これはあくまで目安であるため、自身が安心できる回数をこなすことに越したことはありません。
また、過去問道場は過去問を年度ごとにまとめた「年度別」、または、各分野ごとにまとめた「分野別」で解くことができますが、個人的には年度別で1年分を通しで解くことをおすすめします。
分野別は1回の問題数や難易度がまばらなため、実力が分かりづらく勉強を継続しづらくなります。
年度別で数回解いたあとに苦手な分野が判明してから分野別を利用するのがおすすめです。
学習時間の確保は自分にあったスタイルを模索するのがよいです。
できるときにやるのではなく、決まった時間を確保して積み重ねることで継続しやすくなります。
- 通勤・通学時間を利用する
- 夜に30分
- 土日に1年度分
スマート農業について
発表者:N.Aさん
スマート農業とは「ロボット技術や情報通信技術(ICT)を活用して、省力化・精密化や高品質生産を実現する等を推進している新たな農業」と定められており、現在はAIやIoTも含まれています。
例として、iPadを用いたトラクターの遠隔操縦などが挙げられます。
しかし、無人化や遠隔操縦だけがスマート農業ではありません。
室温や風の強さなどのデータを用いて収穫量を増やしたり負担を減らしたりすることもスマート農業のひとつです。
スマート農業の実証は以下のステップで行われます。
- 研究開発:大学や研究所で新しいアイデアを研究する
- 技術実証:大学や企業で技術を生産現場に導入し、経営改善の効果を明らかにする
- 社会実装:一般の生産現場に導入する
弊社が参入するとするならば2.技術実証となるでしょう。
スマート農業は応用情報技術者試験で出題されることもあります。
例:)令和3年 秋 問7(組込みシステム開発)、令和5年 秋 問7(組込みシステム開発)
スマート農業といえば機械の導入などによって自動化や人手不足解消をねらうイメージが大きいですが、気象、土壌、農地、育成などのデータの収集とフル活用に注目されています。
その実例としてWAGRIというサービスがあります。
WAGRIが様々な企業からデータを収集しAPIとして提供することで、民間企業が新たな営農管理システムを構築を創出することができます。
農業者は民間企業が提供する質の高いサービスを利用できるようになります。
また、一定のルールの下で農業者同士でデータの共有ができ、地域全体で技術力の底上げや技術伝承に取り組むことができます。
WAGRIのAPIを利用するにはデータ利用会員登録が必要です。
利用料は月40000円で、月のデータ転送量を超えると超過料金が発生します。
更に少ないアクセス回数とデータ転送量が定められたお試し会員(無料)もあります。
スライド自動生成ツールを作ってみた
発表者:iwasaki_tさん
代理:私
iwasaki_tさんは有給休暇だったため、私が内容を預かって代わりに発表しました。
Electron製のデスクトップアプリです。
入力欄に作成したい資料のテーマを入力して送信すると、AIが内容をJSON形式で生成してPythonでHTMLとCSSでできたスライド資料に変換します。

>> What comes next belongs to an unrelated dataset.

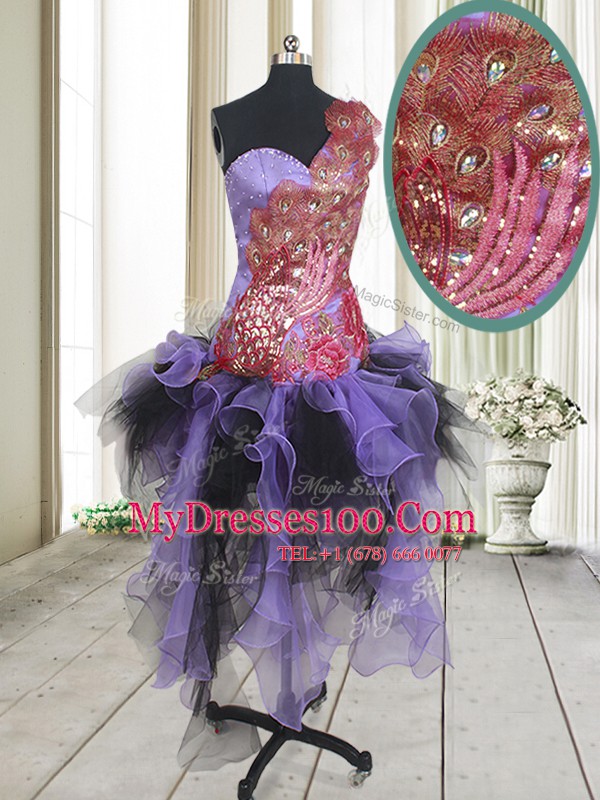 Fantastic Multi-color Organza and Tulle Zipper One Shoulder Sleeveless Asymmetrical Prom Dresses Beading and Appliques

はじめはAIで内容の生成とスライド資料の作成を完結させようとしましたが、うまくいきませんでした。
内容はAIが生成しますが、スライド資料の見た目は人間が整えたいのです。
それを実現するために、内容の生成とスライドの生成を分けて行うことにしました。
最初は生成した内容をスライドテンプレートに流し込むものを作りました。
しかし、これではテンプレートを1種類しか扱えず、内容によっては適した表示ができませんでした。
次に、内容に応じて表紙やコンテンツや表などスライドのテンプレートを選択するようにしました。

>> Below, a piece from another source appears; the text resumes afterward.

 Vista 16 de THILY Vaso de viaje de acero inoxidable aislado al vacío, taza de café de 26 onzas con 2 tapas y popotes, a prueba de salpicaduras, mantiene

AIが生成するJSONの各スライドの情報にスライドのタイプを含めるようにしました。
これによって内容とデザインを完全に分離することができました。
内容またはデザインのどちらかを、もう一方に影響を与えず編集できるようになりました。
将来的にはPowerPointファイルやPDFファイルへの出力ができるようアップデートを予定しています。
より詳しい内容はRambleに記事が上がっています。
フロントエンドのテストについて
発表者:私
最近まで案件でフロントエンドのテストを行っていたため、その経験について共有します。
テストのみを行うテストチームへ配属されました。
テスト対象はWebアプリケーションで、テスト環境はWindows11 PC(Google Chrome)でした。
テストの実施前に仕様への理解と整理を行いました。
仕様書に誤りや不明瞭な点があれば開発チームへ指摘し、修正してもらいます。
これは、仕様書を元にテスト項目を自動生成するためです。
テスト項目は以下の3つに分けて管理・実施されました。
- 表示項目
- 機能項目
- 共通項目
表示項目では表示の崩れや文言を確認します。
レスポンシブ対応のチェックのため、スマートフォンの実機での確認もありました。
仕様を把握しきってなくても実施が可能なため、人員を追加して一気に実施されました。
機能項目ではAPIとの繋込みや画面遷移が正しく動作するかを確認します。
異なるプラットフォームでもAPIの動作に差異は発生しないため、PCでのみ確認しました。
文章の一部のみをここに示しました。